Slow and deep breathing (“paced breathing”) has been traditionally associated with meditation and healing for hundreds of years.[7] Paced breathing plays a prominent role in behavioral methods of treating hypertension that have reported some short-term successes.[8–10] However, asking patients to perform paced breathing sessions on their own may be impractical. Apart from the prolonged training, practicing, skill, and motivation needed, effortlessly performed paced breathing involves individualized breathing patterns that typically require personal coaching. The physiological origin of the hypotensive effects of paced breathing has traditionally been attributed to the “relaxation response.”[8] While relaxation is a widely accepted, beneficial outcome of slow breathing, the antihypertensive effect of paced breathing may have a more direct physiological origin.
Case Report
A 67-year-old white woman with an 11-year history of chronic obstructive pulmonary disease and migraine headaches presented with uncontrolled hypertension for 6 months. Hypertension was initially diagnosed at age 40, and had been treated with an increasing number and doses of antihypertensive drugs. At presentation, she took hydrochlorothiazide 25 mg/day, doxazosin 1 mg/day, metoprolol succinate 50 mg/day, and felodipine 10 mg/day. In addition, aspirin 81 mg/d and sumatriptan 100 mg as needed, were prescribed. She is a nondrinker, nonsmoker, performs strenuous physical exercise twice weekly, and was otherwise healthy and without complaints. She credits her exercise program and healthy eating habits to helping her maintain her weight at 175 lb over the last 3 years, which was 25 lb less than her peak weight.

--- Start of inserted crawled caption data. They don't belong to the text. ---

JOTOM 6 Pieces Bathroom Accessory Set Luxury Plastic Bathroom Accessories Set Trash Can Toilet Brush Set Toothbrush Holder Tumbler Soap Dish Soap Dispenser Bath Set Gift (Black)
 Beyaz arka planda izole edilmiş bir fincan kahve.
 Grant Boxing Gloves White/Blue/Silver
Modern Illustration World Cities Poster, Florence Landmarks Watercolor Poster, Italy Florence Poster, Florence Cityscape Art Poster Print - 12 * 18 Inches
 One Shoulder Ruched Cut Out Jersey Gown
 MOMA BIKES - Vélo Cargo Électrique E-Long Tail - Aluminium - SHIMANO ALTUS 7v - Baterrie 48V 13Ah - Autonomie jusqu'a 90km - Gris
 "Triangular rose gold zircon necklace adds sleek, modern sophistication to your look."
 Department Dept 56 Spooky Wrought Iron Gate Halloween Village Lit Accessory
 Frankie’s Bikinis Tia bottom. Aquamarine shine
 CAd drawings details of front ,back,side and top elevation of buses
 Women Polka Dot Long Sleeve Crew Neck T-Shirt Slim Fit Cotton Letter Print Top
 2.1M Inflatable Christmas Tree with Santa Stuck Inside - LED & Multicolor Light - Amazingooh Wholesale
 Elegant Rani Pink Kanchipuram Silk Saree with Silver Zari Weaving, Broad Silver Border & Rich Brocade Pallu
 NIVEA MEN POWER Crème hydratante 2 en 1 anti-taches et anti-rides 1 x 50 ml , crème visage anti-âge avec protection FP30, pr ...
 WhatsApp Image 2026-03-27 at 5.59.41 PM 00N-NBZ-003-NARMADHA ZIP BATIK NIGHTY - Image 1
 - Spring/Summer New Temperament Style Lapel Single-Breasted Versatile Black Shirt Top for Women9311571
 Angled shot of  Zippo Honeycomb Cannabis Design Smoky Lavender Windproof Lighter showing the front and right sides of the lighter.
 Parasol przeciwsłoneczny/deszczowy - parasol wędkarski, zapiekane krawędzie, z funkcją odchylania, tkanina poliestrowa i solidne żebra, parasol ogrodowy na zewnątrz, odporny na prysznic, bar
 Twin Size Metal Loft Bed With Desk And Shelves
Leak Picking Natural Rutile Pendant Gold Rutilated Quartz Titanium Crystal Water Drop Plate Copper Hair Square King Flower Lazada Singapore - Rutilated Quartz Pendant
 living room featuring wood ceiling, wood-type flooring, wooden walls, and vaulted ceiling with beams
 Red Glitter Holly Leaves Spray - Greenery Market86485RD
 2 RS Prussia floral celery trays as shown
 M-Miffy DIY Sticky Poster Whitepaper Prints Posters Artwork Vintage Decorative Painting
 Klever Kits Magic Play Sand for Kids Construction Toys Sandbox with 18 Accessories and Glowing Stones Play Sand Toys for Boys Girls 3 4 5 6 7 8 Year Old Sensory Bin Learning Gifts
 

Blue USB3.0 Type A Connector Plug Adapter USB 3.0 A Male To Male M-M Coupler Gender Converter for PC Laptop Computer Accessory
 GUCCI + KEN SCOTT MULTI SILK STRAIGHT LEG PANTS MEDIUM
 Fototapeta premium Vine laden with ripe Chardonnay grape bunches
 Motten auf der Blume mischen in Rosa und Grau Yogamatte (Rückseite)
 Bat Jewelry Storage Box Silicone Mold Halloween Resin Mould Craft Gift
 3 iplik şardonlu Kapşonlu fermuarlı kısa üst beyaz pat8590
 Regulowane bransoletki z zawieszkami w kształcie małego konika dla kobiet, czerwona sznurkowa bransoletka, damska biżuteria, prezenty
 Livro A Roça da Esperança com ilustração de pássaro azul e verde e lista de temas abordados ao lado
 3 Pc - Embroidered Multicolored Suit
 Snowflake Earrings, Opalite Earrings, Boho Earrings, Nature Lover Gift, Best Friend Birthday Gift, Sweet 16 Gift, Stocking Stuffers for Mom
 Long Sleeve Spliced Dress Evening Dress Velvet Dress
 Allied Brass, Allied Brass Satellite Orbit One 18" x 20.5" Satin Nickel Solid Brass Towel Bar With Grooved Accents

After informed consent was obtained, she was enrolled in an 8-week study that evaluated the RESPeRATE device.[11] Her initial office BP was 147/91 mm Hg (average of 3 readings, right arm, seated position, using the adult-sized cuff); heart rate of 68 and a body-mass index of 30.5 kg/m2. She was asked to use the device for one 15-minute session every afternoon or evening, and to take 3 consecutive readings of her BP at home, every morning, using a previously-validated BP monitor with a digital readout (Omron model HEM-747 IC, Omron Healthcare, Vernon Hills, Illinois).
After 2 months, her office BPs declined from 147/91 mm Hg to 130/77 mm Hg (a difference of 17/14 mm Hg). Four weeks after the end of the study, the patient's data were uploaded from both the device and home BP monitor into a specialized Web-based reporting system designed for this study. Figure 1 shows typical minute-by-minute changes of the patient's breathing pattern during a single session (#20). The figure demonstrates a reduction in her breathing rate from a normal value of 16 breaths/min (bpm) down to 6 bpm, while doubling the ratio of exhalation to inhalation time. Because she enjoyed the breathing exercise, she continued to use the device after the end of the study.
Figure 1.
Typical changes in breathing rate and the ratio between exhale time (Tex) to inhale time (Tin) during a 15-minute session (#20) calculated from data stored in the patient's device, and uploaded to a Web-based reporting system used in research.
Figure 2 shows a different Web-based report from the same patient displaying day-by-day variations in BP over the first 3 months of use. The adherence of the patient to the treatment recommendation (of 15 minutes/day) is expressed by the time spent breathing fewer than 10 bpm during the preceding 7 days (“weekly effective time”). The mean home BP during the first 10 days of use was 161/99 mm Hg; 157/96 mm Hg between days 20-29; 151/89 mm Hg between days 50-59 and 146/85 mm Hg between days 80-89. The net BP reduction from baseline was 10/10 mm Hg after 2 months and 15/14 mm Hg after 3 months of treatment. These values showed a significant trend for BP reduction (P < .05/P < .001). The heart rate (68 ± 5 beats/min, mean ±standard deviation) did not show any significant change. The corresponding systolic load (ie, the percentage of systolic BP readings >140 mm Hg), was 95%, 95%, 70%, and 65%, respectively over the same time periods cited above. Figure 2 also shows the “weekly effective time” to be above the recommended level (45 minutes/week), demonstrating the patient's adherence to the instructions for use. During the observation period she had no change in medication, lifestyle modifications, or body-mass index, and no complaints about the device or its use.
Figure 2.
A Web-based plot of data from the case reported, including 3-month follow-up of home BP and adherence to the recommendation for using the device, using data logged automatically by the devices. The points mark daily averages of BP readings and the patient's concordance with the treatment (by “weekly effective time”). The goals for BP (<120/80 mm Hg) and concordance (> 45 min/week) are colored. The table at the top shows monthly averages of BP and heart rate.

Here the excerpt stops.